= Problem description =
Every line of the data below is to be duplicated exactly, pictures excepted.
== Segment start ==
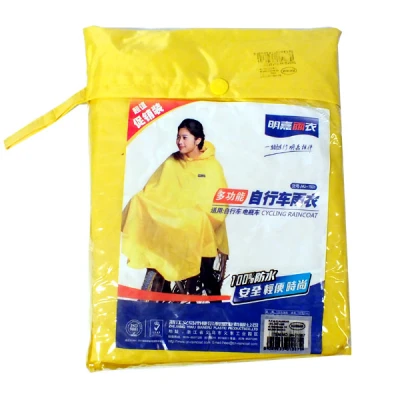 KANMAR-PONCZO GRUBE NA ROWER MJ-1501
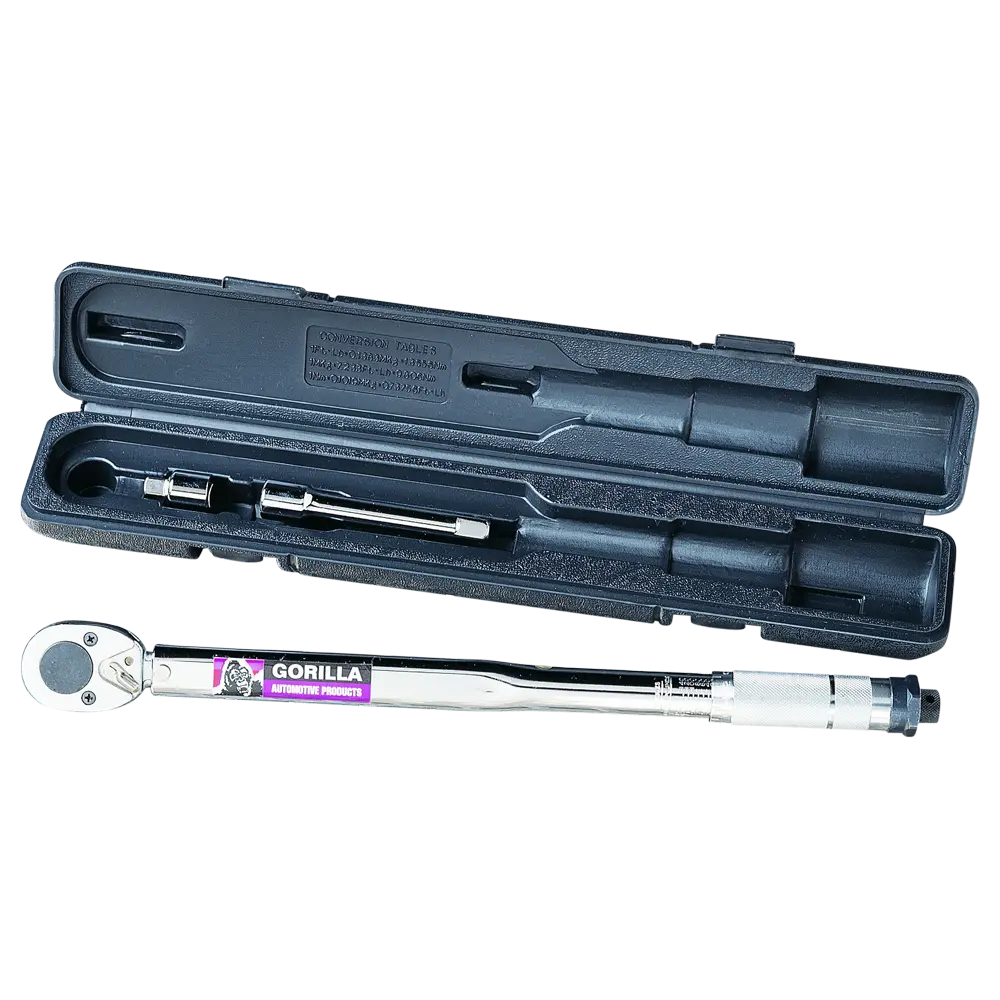 Torque Wrench 20-150 Ft/Lbs 1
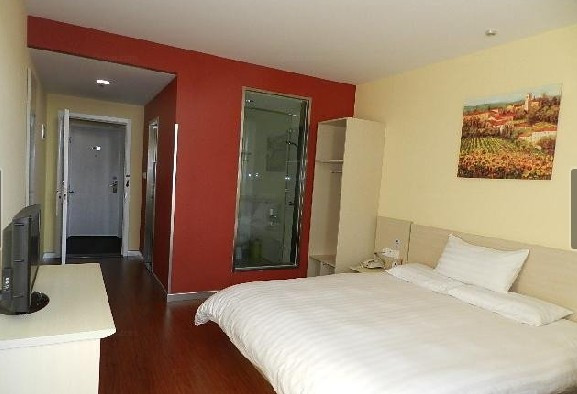 汉庭酒店(威海市区威高广场店)主图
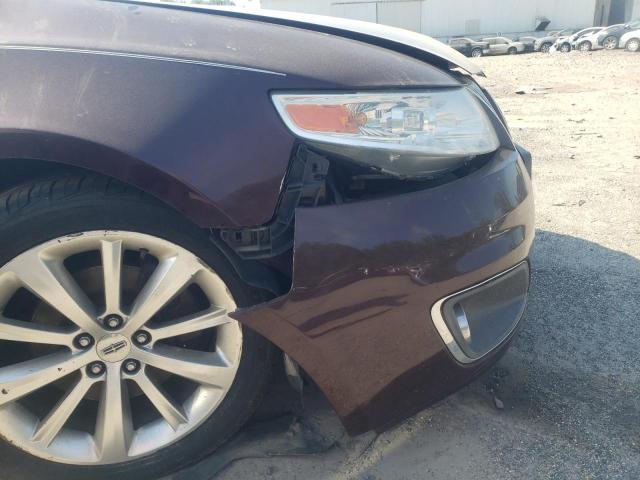 Photo 9 from auction – 2011 LINCOLN MKS with VIN 1LNHL9ER2BG605729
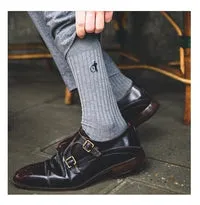 London Sock Company Socks Boxers Duo Earl Grey sokkesett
== Segment end ==
= Your solution =
 KANMAR-PONCZO GRUBE NA ROWER MJ-1501
 Torque Wrench 20-150 Ft/Lbs 1
 汉庭酒店(威海市区威高广场店)主图
 Photo 9 from auction – 2011 LINCOLN MKS with VIN 1LNHL9ER2BG605729
 London Sock Company Socks Boxers Duo Earl Grey sokkesett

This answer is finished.